I’m not sure how much is missing, I suspect that it’s only the UI that doesn’t “support” it. It seems to me that it’s present pretty much throughout Core. But, since I’ve never sat down and figured out exactly how to use it, I haven’t tested it and don’t know what obstacles might have appeared. But, it’s quite obvious to me that it did work once upon a time.

This PR does at least support it to the extent it is involved:

https://github.com/openhab/openhab-core/pull/4633

1 Like

On the topic “openHAB and concurrency” why one and the same transformation, implemented by a rule engine, cannot run in parallel? That is, the transformation has to finish, before it is executed again. Preventing one and the same rule to run at the same time kind of makes sense, but why the same restriction is applied for transformations?

I’m probably not the correct person to answer this, but I don’t think this applies to transformations in general - but only script transformations. And, the reason is probably the same as we’ve discussed with rules, that the context (for JS and Pyhon at least) must be used synchronized/non-concurrently.

I’m pretty sure none of the automation add-ons nor Rules DSL support it. That had to happen before we even begin to worry about managed rules.

I too cannot speak from the code but I can speak from observation. I’ve done excessive testing in this area about a year and a half ago. And @florian-h05 mentioned some reliable info also.

Each transformation serving in a .js file gets it’s own ScriptEngine, same as for rules.

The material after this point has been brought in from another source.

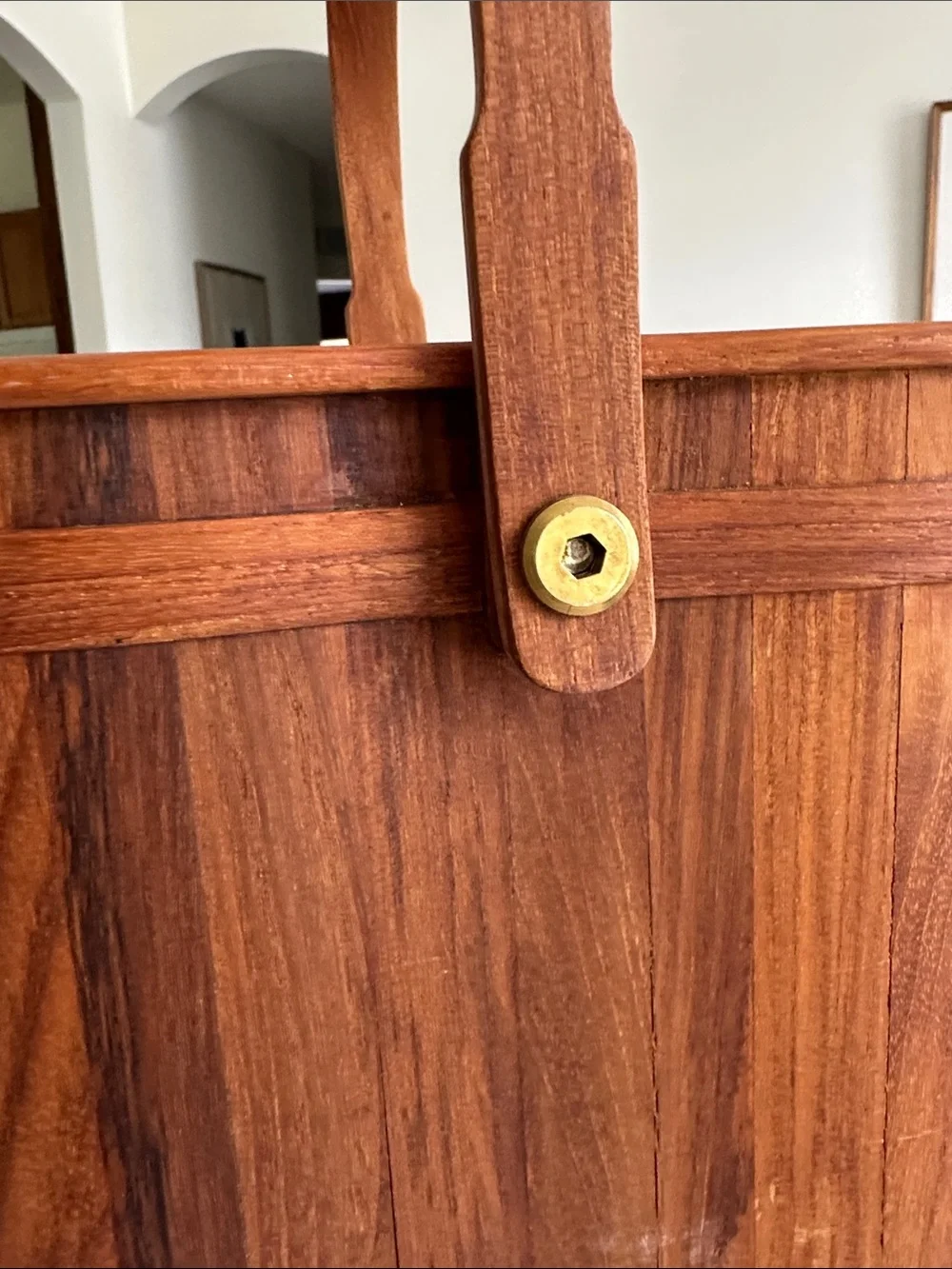 Vintage Teak wood Wine caddy from 1960s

There can only be one transformation defined per .js file .

No matter how many times you apply that transformation, you are running in the same ScriptEngine.

For JS you can’t do that except sequentially. But it’s a problem for the other languages too.

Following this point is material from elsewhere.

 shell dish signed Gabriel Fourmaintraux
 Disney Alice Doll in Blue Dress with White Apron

Let’s say my transformation is complicated enough to define some variables. One use of the transformation starts running and sets the variables. Before it can use those variables another use starts running and overwrites the values in those same variables. Now the first use of the transform will continue running with the wrong data.

Adding the same transformation in two places does not create a new copy of the transformation. It’s closer to adding a new trigger to a rule.

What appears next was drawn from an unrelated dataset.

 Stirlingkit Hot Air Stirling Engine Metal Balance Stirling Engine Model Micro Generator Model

Ways to achieve parallelism with script transformations include:

  • use inline transformations which each get their own ScriptEngine even if they are identical
  • create multiple copies of the transformation and only use each one in one place at a time

I cannot speak as to whether these are technical limitations or implementation choices. I can only speak to how it works right now.

I can’t answer this any further without digging in, all I can say is that there’s quite a lot of handling in place to make passing values between modules possible - so it’s hard to believe that this have never had any use.

For me a transformation is just like a function in any programming language. This function can define local variables, which are valid only during one function execution. It can also use variables, which outlive the function execution (global, static variables). The rule language, where the function/transformation is implemented, offers both local and global (static) variables. (openhab-core offers in addition sharedCache).

So when somebody implements a transformation, that person has to take care that the transformation (function) is multi-threading capable: it either uses only local variables (or does not use variables), or synchronizes the access to global variables.

openHAB shoud just permit parallel execution of the transformation, assuming that protection from race conditions is implemented in the transformation.

For JS this will still be serial execution, but for other JSR223 addons, there will be parallelism.

I’ve been using OH since version 1.6 and I’ve never seen an instance where it’s been used outside of some very recent developments in UI rules which can call Thing Actions directly. And I’m not sure even these use this same mechanism or something else.

There has never been a way to return something from a rule. In managed rules (I e. in the UI) there was talking of want to be able to get a return value from and action and pass it to the next. Apparently some work was done to super this or it was a feature planned for from the start that never got implemented.

As of today, there is no way for an end user to pass data and use them between actions and conditions using a return value.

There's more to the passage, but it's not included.